Every Athena API call includes the practice ID:

def get_appointments(
    self,
    practice_id: int,
    start_date: str,
    end_date: str,
) -> Generator[dict, None, None]:
    """
    Fetch booked appointments for a practice within a date range.
    start_date, end_date: MM/DD/YYYY format (Athena's required format)
    """
    path = f"/{practice_id}/appointments/booked"
    params = {
        "startdate": start_date,
        "enddate": end_date,
        "scheduledstartdate": start_date,
        "scheduledenddate": end_date,
    }
    yield from self.get_paginated(path, params=params)


def get_patient(self, practice_id: int, patient_id: int) -> dict:
    """Fetch a single patient record."""
    path = f"/{practice_id}/patients/{patient_id}"
    response = self._request("GET", path)
    return response.json()

Rate Limiting

Athena enforces per-practice rate limits. The response headers tell you where you stand:

X-RateLimit-Limit: 1000
X-RateLimit-Remaining: 847
X-RateLimit-Reset: 1561392000

When you hit the limit, you get a 429 Too Many Requests. The Retry-After header tells you how many seconds to wait. In practice, the limits are generous for single-practice integrations but become a real concern if you're running bulk historical data pulls across many practices simultaneously. We serialized bulk pulls per-practice and added a small sleep between requests during heavy batch jobs.

HIPAA Considerations

This is healthcare data. PHI (Protected Health Information) includes patient names, dates of birth, appointment times, diagnoses, and anything that can identify a patient in conjunction with their health status.

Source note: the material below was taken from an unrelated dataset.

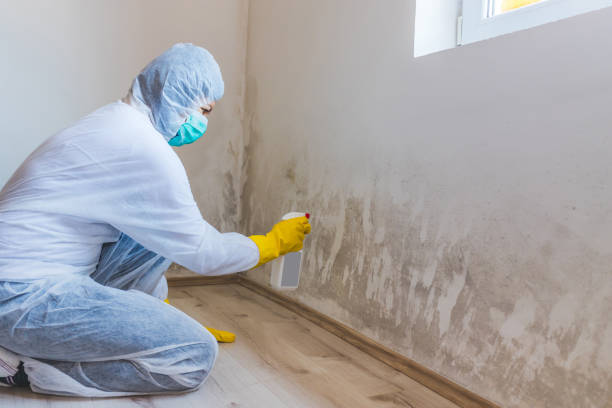Licensed Crawl Space Mold Removal service in Bernardsville, NJ - WQB Mold Removal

Rules we enforced in code:

  1. No PHI in log messages. Log patient IDs and appointment IDs for tracing, not names, DOBs, or clinical notes.
# Wrong
logger.info("Fetched appointment for John Smith, DOB 01/15/1965")

# Right
logger.info("Fetched appointment patient_id=%s appt_id=%s", patient_id, appt_id)
  1. Audit trail. Every API call that fetches patient data was logged to an append-only audit table with timestamp, user/service identity, practice ID, patient ID, and the action taken.

  2. No caching PHI in Redis without encryption. We didn't cache patient records. Appointment slot availability (non-PHI) was cacheable.

Sandbox vs. Production

Athena provides a sandbox environment at a different base URL with test practice IDs and synthetic patient data. Development and testing should always use the sandbox — the production environment contains real patient data.

# Sandbox
client = AthenaClient(
    client_id="sandbox_client_id",
    client_secret="sandbox_secret",
    sandbox=True,
)

# Test practice IDs in sandbox are documented in Athena's developer portal
appointments = list(client.get_appointments(
    practice_id=195900,  # Athena's standard sandbox practice ID
    start_date="06/01/2019",
    end_date="06/30/2019",
))

The sandbox has its own credentials — your production credentials don't work there, and vice versa. Keep them in separate environment variables and be explicit about which environment you're targeting.

Webhooks vs. Polling

Athena supports webhooks for real-time event notifications — appointment status changes, new patient check-ins, clinical document updates. For event-driven architectures this is the right approach.

The setup: you register a callback URL with Athena, they send POST requests with event payloads when things happen. You need to respond with a 200 within a few seconds, so process the payload asynchronously (push to a queue, return 200, process from the queue).

We used polling rather than webhooks for our initial integration because we were running batch jobs on a schedule — nightly appointment syncs, daily patient data reconciliation. Webhooks would have been better for appointment reminder workflows, where latency matters. We planned to move to webhooks in a follow-up phase, which is worth noting: get polling working first to understand the data model, then move to webhooks once you have confidence in your event handling infrastructure.